Cyber celebrities redefine market reach

By He Wei | China Daily Europe | Updated: 2018-11-23 08:36

The good old branding method of banking only on certain proven celebrities is being challenged in digital marketing and with no guarantee of success, market experts say.

"Depending on only a few top stars also means it has become difficult for marketers to uniquely build resonance with their brand," says Maneesh Choudhary, deputy managing director of Kantar Millward Brown China, a global research firm.

Choudhary says matching the brand character with the celebrity character is key to unlocking the true potential of synergy. For instance, snack food brand Nestle Milka successfully married its warm soft persona seamlessly with the "innocence" of Zhang Yixing, a singer and songwriter, to drive sustained engagement with consumers.

 Cyber celebrities redefine market reach

Webcasters, wearing cool summer clothes, broadcast online through their mobile phones, soliciting business for a newly opened bar in Tongling, Anhui province. Chen Chen / For China Daily

"This matching of personality becomes even more relevant for China's lower tiers (the next frontier of growth) where the personality of the celebrity should be down-to-earth and relatable to the people who are less advertising-literate and looking for rational and simple marketing messages," he says.

Meanwhile, brands are starting to reap more success from working with self-made bloggers, converting their own fan numbers into influence with the brands.

With more than 3 million followers on Weibo and 4.5 million fans on WeChat, Fan Yimin, who is better known by her online avatar Becky Li, helped sell 100 Mini Cooper Countryman cars within five minutes via her WeChat post last year.
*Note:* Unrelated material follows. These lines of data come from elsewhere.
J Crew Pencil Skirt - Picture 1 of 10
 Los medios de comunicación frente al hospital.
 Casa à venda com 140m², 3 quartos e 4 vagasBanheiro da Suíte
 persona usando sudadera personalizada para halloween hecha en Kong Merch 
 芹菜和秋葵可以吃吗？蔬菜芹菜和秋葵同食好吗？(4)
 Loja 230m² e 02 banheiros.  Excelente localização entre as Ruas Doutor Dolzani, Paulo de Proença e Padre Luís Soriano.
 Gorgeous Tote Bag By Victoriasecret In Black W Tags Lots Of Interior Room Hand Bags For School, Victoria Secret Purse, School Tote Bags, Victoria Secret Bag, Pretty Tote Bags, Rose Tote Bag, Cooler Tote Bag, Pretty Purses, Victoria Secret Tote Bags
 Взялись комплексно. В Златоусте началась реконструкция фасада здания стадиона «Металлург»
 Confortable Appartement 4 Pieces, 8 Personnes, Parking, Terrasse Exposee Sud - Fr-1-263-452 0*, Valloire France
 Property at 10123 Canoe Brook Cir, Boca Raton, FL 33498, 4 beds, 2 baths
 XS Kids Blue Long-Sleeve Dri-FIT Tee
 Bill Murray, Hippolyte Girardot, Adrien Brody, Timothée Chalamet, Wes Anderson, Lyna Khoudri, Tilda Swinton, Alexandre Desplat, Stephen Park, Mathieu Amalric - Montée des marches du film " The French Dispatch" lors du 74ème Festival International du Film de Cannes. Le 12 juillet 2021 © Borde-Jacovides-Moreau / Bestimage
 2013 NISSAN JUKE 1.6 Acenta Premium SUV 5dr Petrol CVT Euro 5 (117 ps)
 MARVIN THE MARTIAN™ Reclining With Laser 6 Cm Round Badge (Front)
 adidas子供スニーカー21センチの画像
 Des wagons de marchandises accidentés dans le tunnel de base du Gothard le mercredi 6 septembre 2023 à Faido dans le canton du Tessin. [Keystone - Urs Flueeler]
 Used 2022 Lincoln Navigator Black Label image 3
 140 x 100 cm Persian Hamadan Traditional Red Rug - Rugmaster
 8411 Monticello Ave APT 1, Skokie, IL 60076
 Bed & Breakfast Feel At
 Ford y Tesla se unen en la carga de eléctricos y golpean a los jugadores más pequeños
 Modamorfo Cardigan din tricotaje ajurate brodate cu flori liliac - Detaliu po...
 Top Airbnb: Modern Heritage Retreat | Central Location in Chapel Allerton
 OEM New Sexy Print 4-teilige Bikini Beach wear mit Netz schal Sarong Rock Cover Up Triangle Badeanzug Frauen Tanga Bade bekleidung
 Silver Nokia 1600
She is a role model to a generation of digital natives who have established viable careers as social media "influencers", and found fame and fortune solely by posting blogs and sharing their preferences online.

The power of word of mouth is one important reason for blogger success from the cultural perspective, according to Ashley Galina Dudarenok, founder of social media agency Alarice and a veteran social media expert.

"Chinese customers have very deep trust in key opinion leaders (KOLs) and this psychological bond can be partially explained by the pseudo-intimacy created by social media," she says. "Social media make you feel like influencers are friends you know in real life, thanks to the details of their daily lives shared through Weibo, WeChat and live streaming apps."

Choudhary agrees. He referrs to the case of Zhang Dayi, one of China's best-known key opinion leaders, who reportedly earns around 300 million yuan ($43.2 million; 37.8 million euros; £33.6 million) annually, which is more than what some celebrity film actors and actresses earn.

"Brands can leverage the might of this huge traffic to garner short-term gains and if matched well with a brand's personality can also result in effective brand building," Choudhary says.

Major factors when choosing a KOL include exposure, engagement and relevance. The negative checklist involves potential risk, competitor conflict and cooperation feasibility, says Leon Zhang, general manager of social media at Media-Com China, an agency engaged in media operations and content creativity.

"Usually, clients with sufficient budgets are willing to pay for premium and quality KOLs for peak influence and quality content co-creation, while at the same time setting aside part of the budget for other lowerprofile KOLs and social ads to amplify the influence," he says.